ACTIVITY ->
The expected response is an exact repetition of every record, with images excluded.

[SUPPLIED MATERIAL — start]

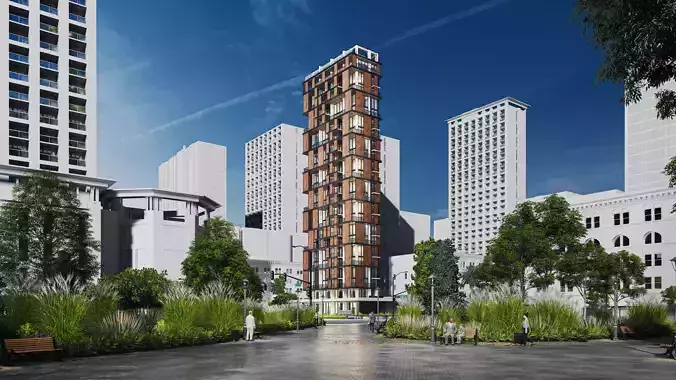 Residential Highrise Building Exterior Scene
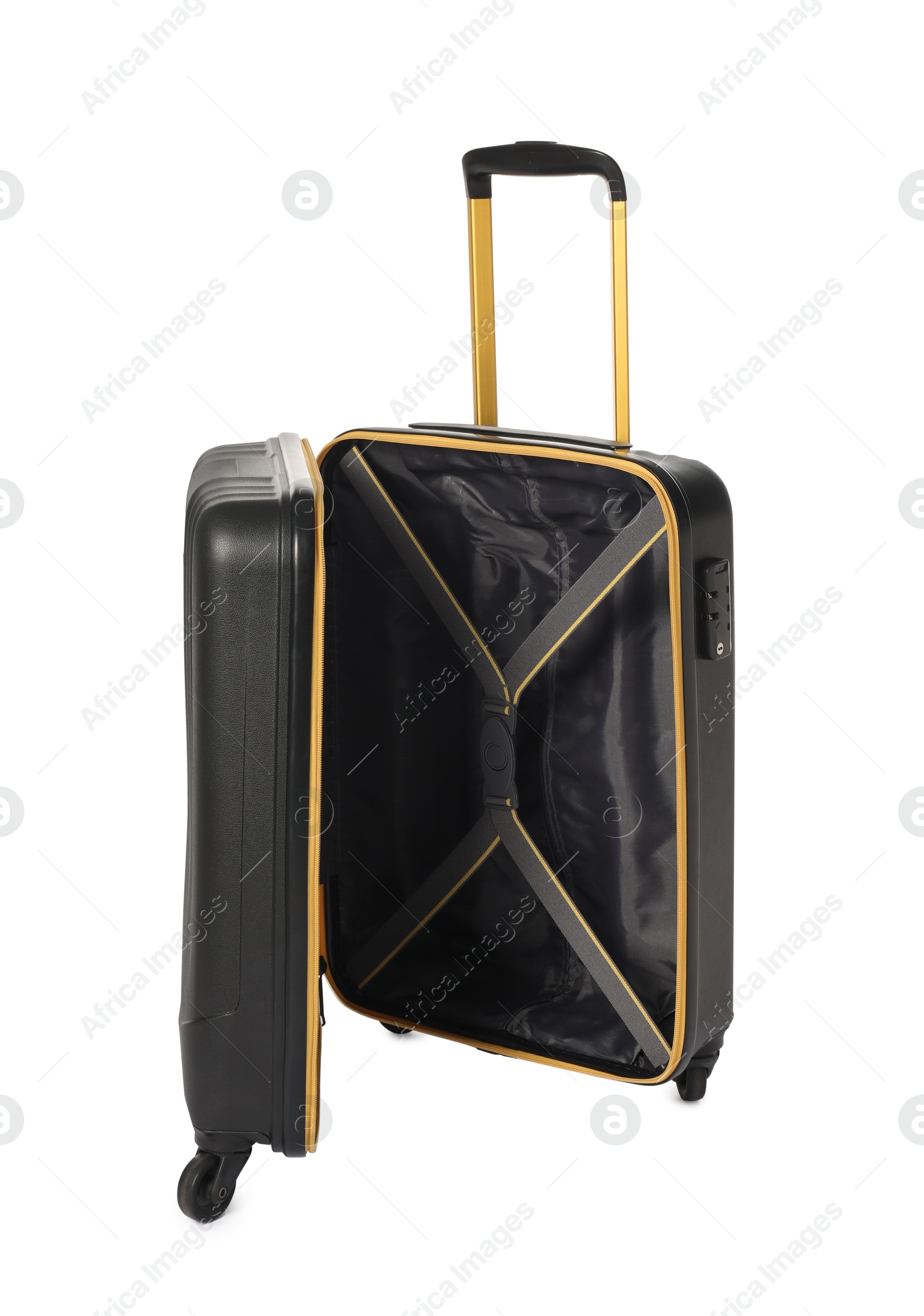 Photo of Open empty suitcase for travelling isolated on white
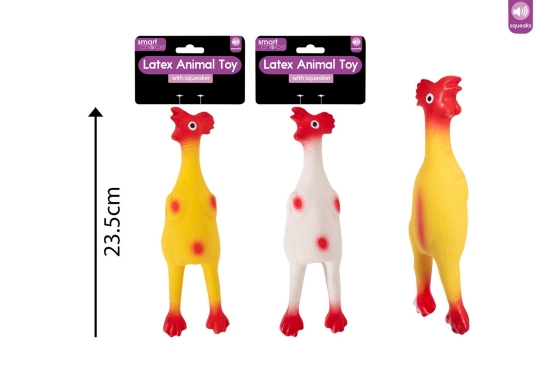 SJ11309 DOG TOY SQUEAKING LATEX CHICKEN ASST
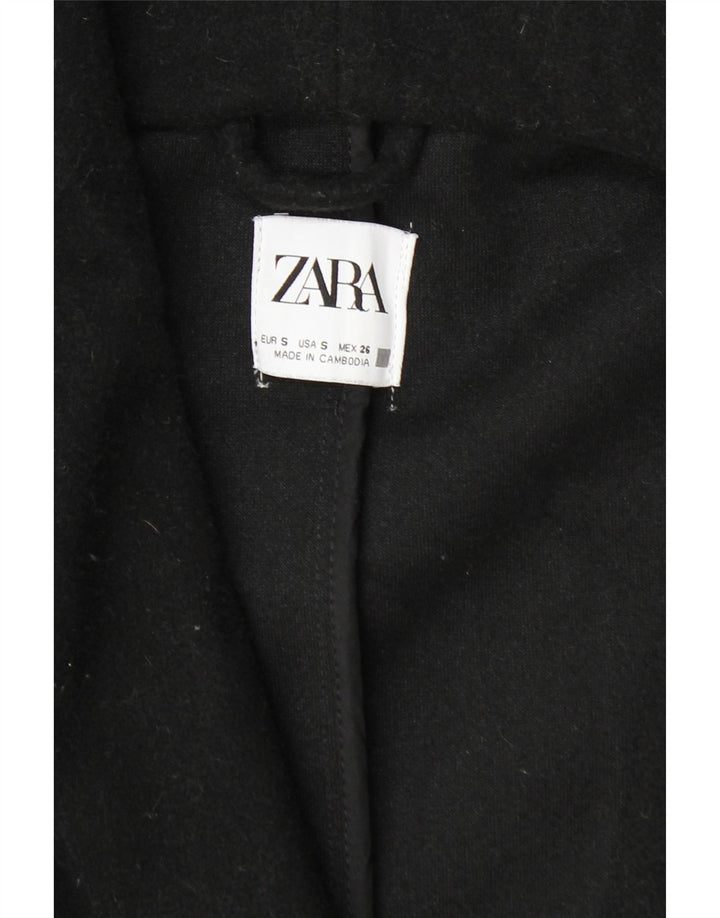 Damski płaszcz z kapturem, oversize, dwurzędowy Zara UK 10 Small Black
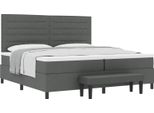 Vidaxl Letto A Molle Con Materasso Grigio Scuro 200 X 200 Cm In Tessuto
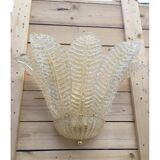 Transparent and gold graniglia “leaf” Murano glass wall sconce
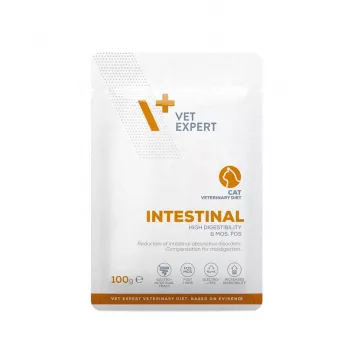 Mitrā veterinārā diēta VETEXPERT Intestinal Cat 100 g — vista, olbaltumvielas 38%, tauki 20%, pieaugušiem kaķiem, aizkuņģa dziedzera mazspēja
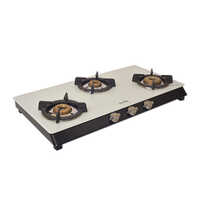 3 Burner Glass Kaff White Gas Stove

[SUPPLIED MATERIAL — finish]

EXPECTED ANSWER ->
 Residential Highrise Building Exterior Scene
 Photo of Open empty suitcase for travelling isolated on white
 SJ11309 DOG TOY SQUEAKING LATEX CHICKEN ASST
 Damski płaszcz z kapturem, oversize, dwurzędowy Zara UK 10 Small Black
 Vidaxl Letto A Molle Con Materasso Grigio Scuro 200 X 200 Cm In Tessuto
 Transparent and gold graniglia “leaf” Murano glass wall sconce
 Mitrā veterinārā diēta VETEXPERT Intestinal Cat 100 g — vista, olbaltumvielas 38%, tauki 20%, pieaugušiem kaķiem, aizkuņģa dziedzera mazspēja
 3 Burner Glass Kaff White Gas Stove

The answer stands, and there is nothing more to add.